▶ _Work to complete_
Please repeat exactly the lines below from the line with "When You Have" to the line with "Patient smiling after", including both, and leave out every picture.

Start of Entries supplied

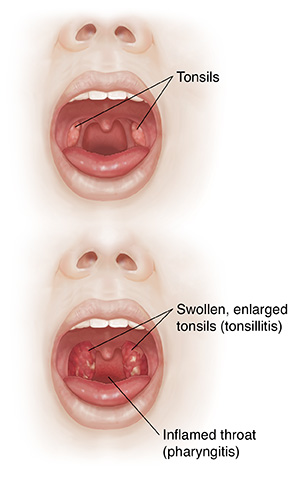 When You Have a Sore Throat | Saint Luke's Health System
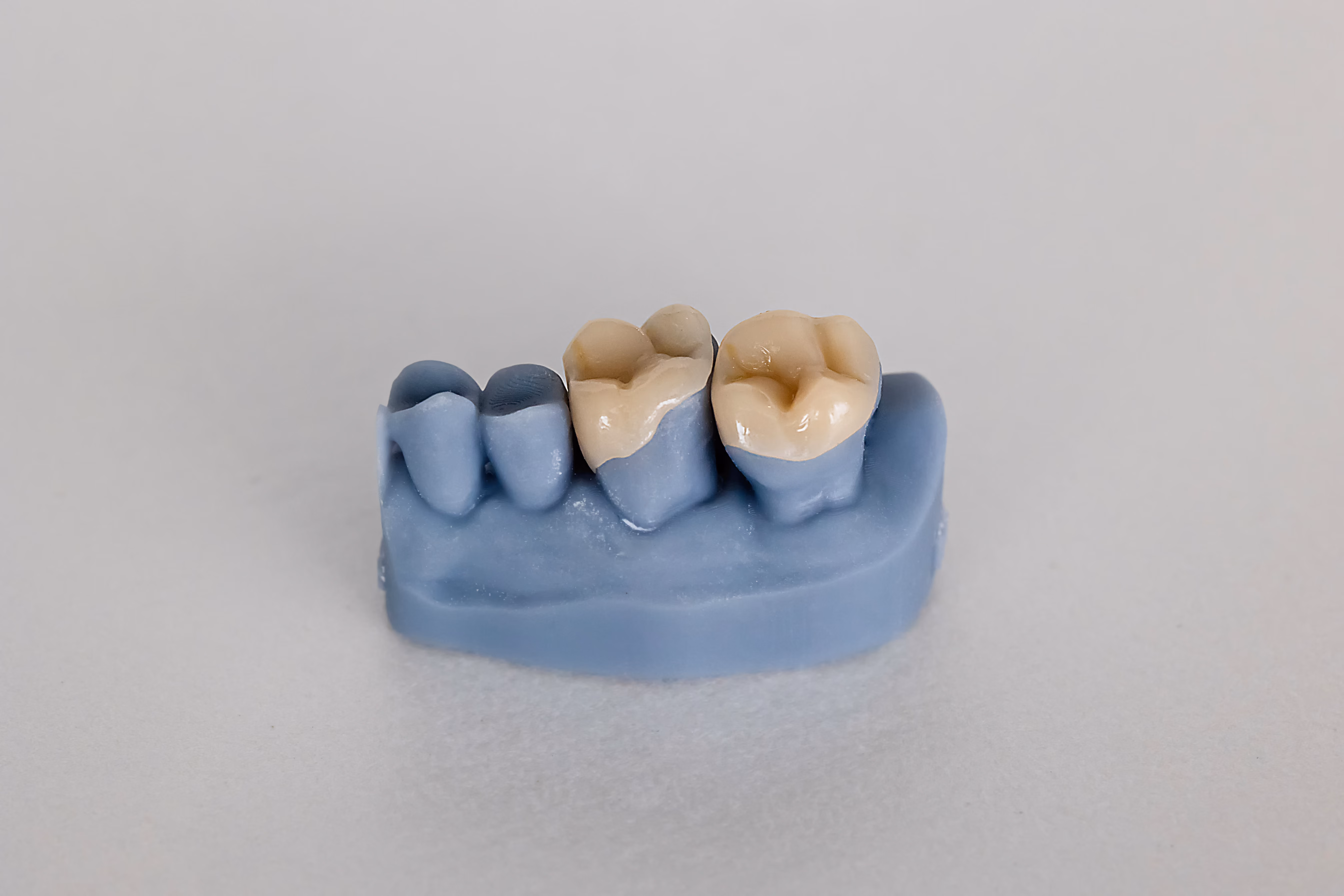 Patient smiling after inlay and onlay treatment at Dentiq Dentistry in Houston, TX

End of Entries supplied
Start of Entries supplied

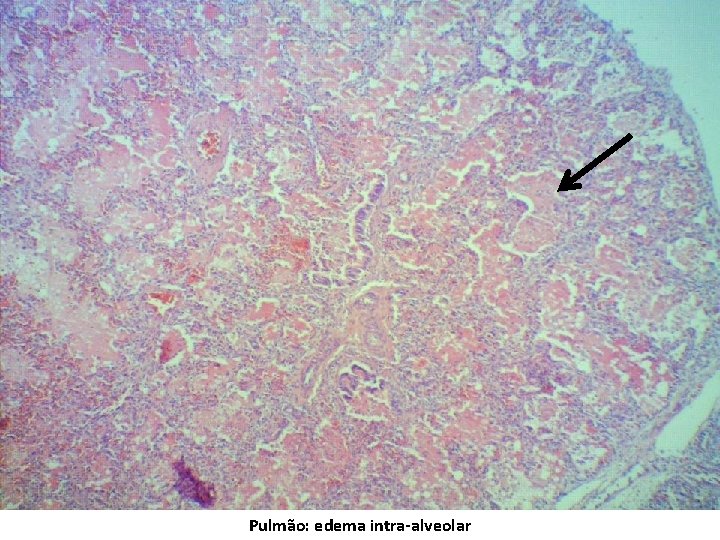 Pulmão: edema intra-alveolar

End of Entries supplied
Start of Entries supplied

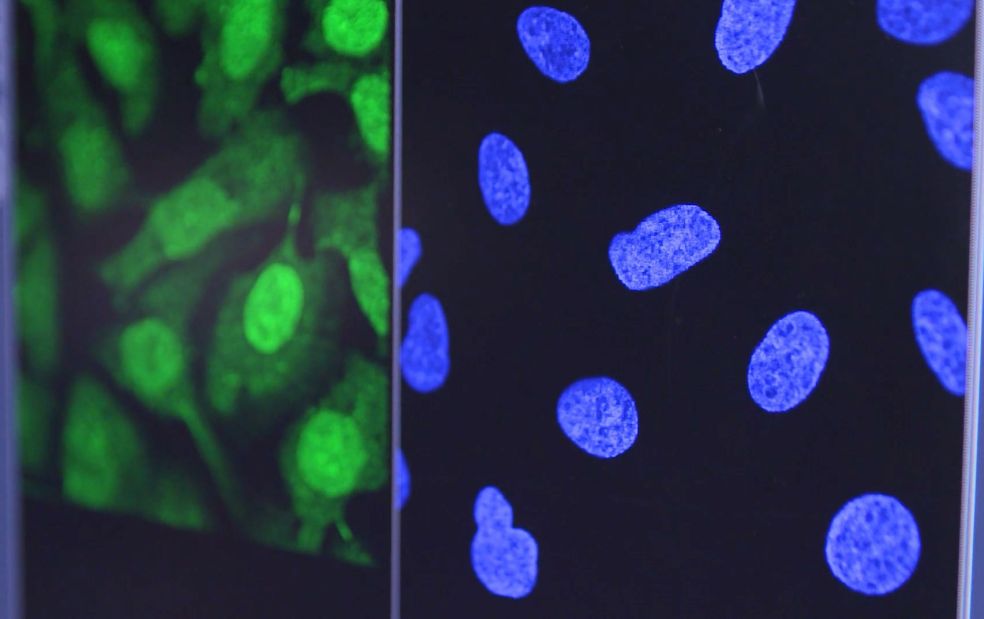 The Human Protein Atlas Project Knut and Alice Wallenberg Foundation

End of Entries supplied

▶ _Solution to the exercise_
 When You Have a Sore Throat | Saint Luke's Health System
 Patient smiling after inlay and onlay treatment at Dentiq Dentistry in Houston, TX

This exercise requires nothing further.